◆ **WHAT THIS TASK INVOLVES**:
Quote exactly the lines from the one with "Educational Construction Service Educational" to the end of the data, both included; omit the pictures.

WORKING DATA Start Marker

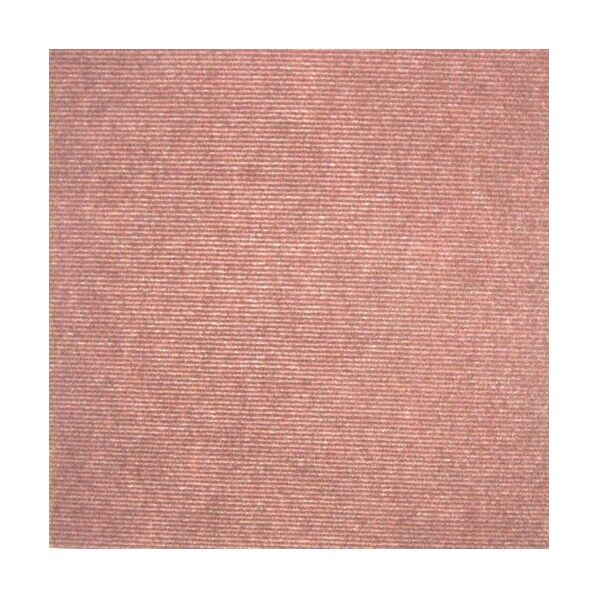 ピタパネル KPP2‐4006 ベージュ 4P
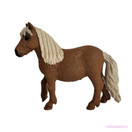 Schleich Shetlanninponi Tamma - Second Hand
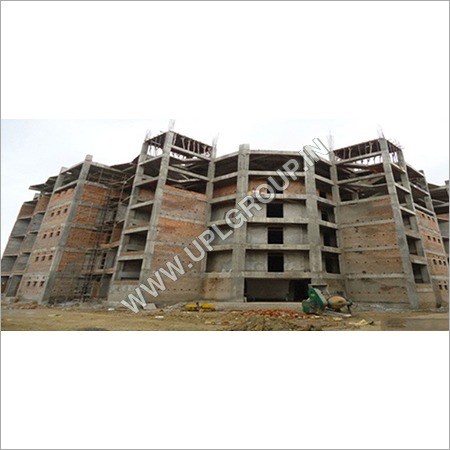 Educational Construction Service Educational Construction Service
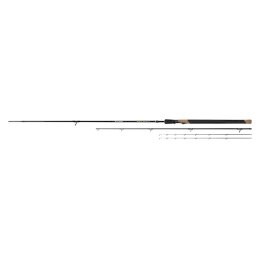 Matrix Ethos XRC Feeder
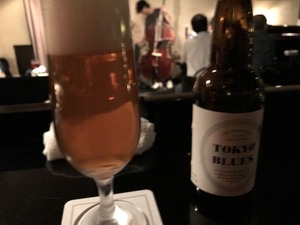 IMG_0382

WORKING DATA End Marker

◆ **OUTPUT OF THE EXERCISE**:
 Educational Construction Service Educational Construction Service
 Matrix Ethos XRC Feeder
 IMG_0382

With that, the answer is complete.